David R. Nelson (born May 9, 1951) is an American physicist, and Arthur K. Solomon Professor of Biophysics, at Harvard University.

Education and research

David R. Nelson is currently the Arthur K. Solomon Professor of Biophysics and Professor of Physics and Applied Physics at Harvard University. He graduated from Cornell University Summa cum laude with a double major in physics and mathematics in 1972, and received an M.S. in Theoretical Physics in 1974, and a Ph.D. in Theoretical Physics in January, 1975.  He was in the fourth and final class of Cornell's short-lived "Six-year Ph.D. program". He then became a Junior Fellow in the Harvard Society of Fellows.

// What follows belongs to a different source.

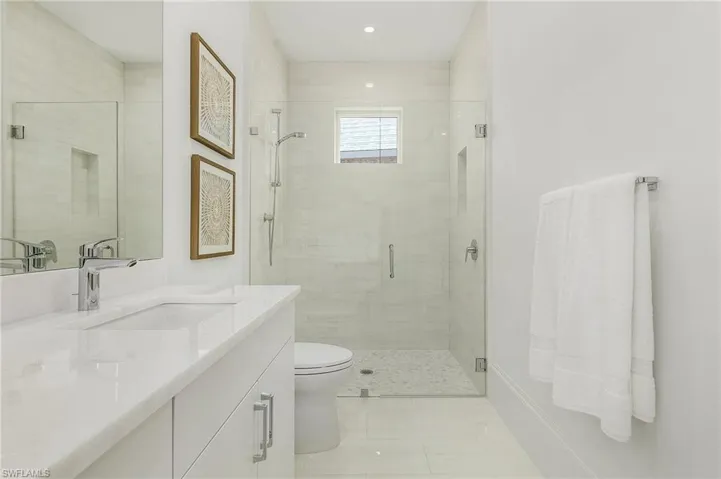 Guest Bath 2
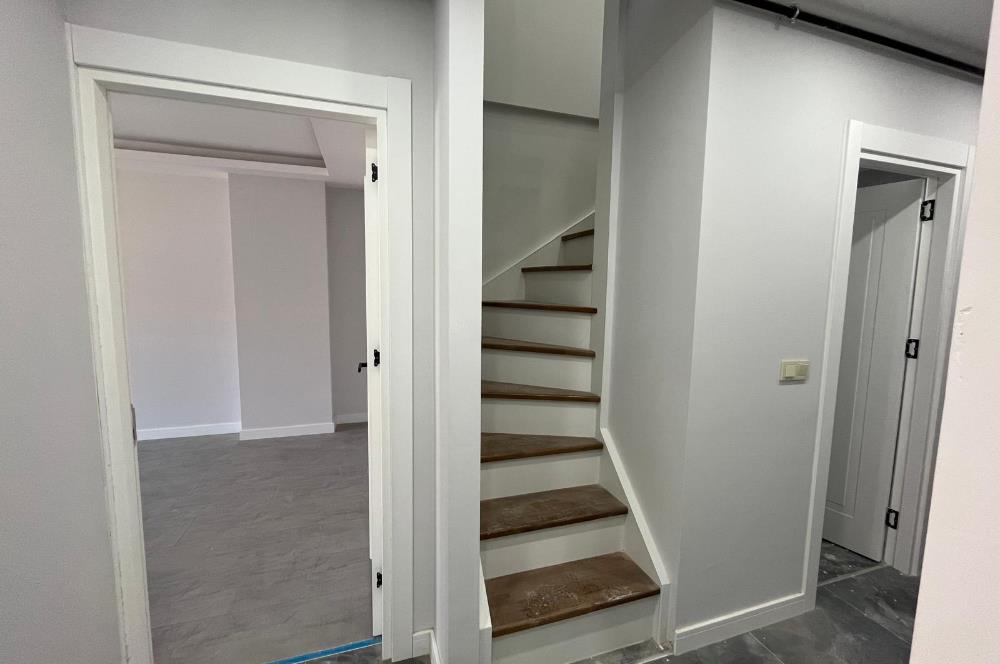 Küçükyalı Merkezde Sıfır Modern Teraslı 3+2 Satılık Dubleks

Since 1978 he has been a professor at Harvard University. His research is in the fields of both hard and soft theoretical condensed matter physics, and of physical biology. His condensed matter research has focused on collective effects in the physics and chemistry of condensed matter and on spatial population genetics. He has been interested, in particular, in the interplay between fluctuations, geometry and statistical dynamics in condensed matter systems such as magnets, superfluids, liquid crystals, superconductors, polymers, turbulent fluids and metallic glasses.    Nelson also has a strong interest in biological problems such as single molecule biophysics, population dynamics in inhomogeneous media, the buckling of viral shells and the effects of selective advantages, mutations, antagonism and cooperation on the spatial population genetics of microorganisms such as bacteria and yeast on both solid and liquid substrates.

With his colleague, Bertrand Halperin, he is responsible for a theory of two-dimensional melting that predicted a fourth "hexatic" phase of matter, interposed between the usual solid and liquid phases. A variety of predictions associated with this two-state freezing process have  now been confirmed in experiments on two-dimensional colloidal assemblies, thin films and bulk smectic liquid crystals.   Nelson's research also includes a theory of the structure and statistical mechanics of metallic glasses and investigations of "tethered surfaces,” which are two-dimensional generalizations of linear polymer chains.   Flexural phonons lead a remarkable low temperature flat phase in these fishnet-like structures, with predictions of strongly scale-dependent elastic constants such as the two-dimensional Young's modulus and the bending rigidity of atomically or molecularly thin materials such as a free-standing sheets of graphene and MoS2.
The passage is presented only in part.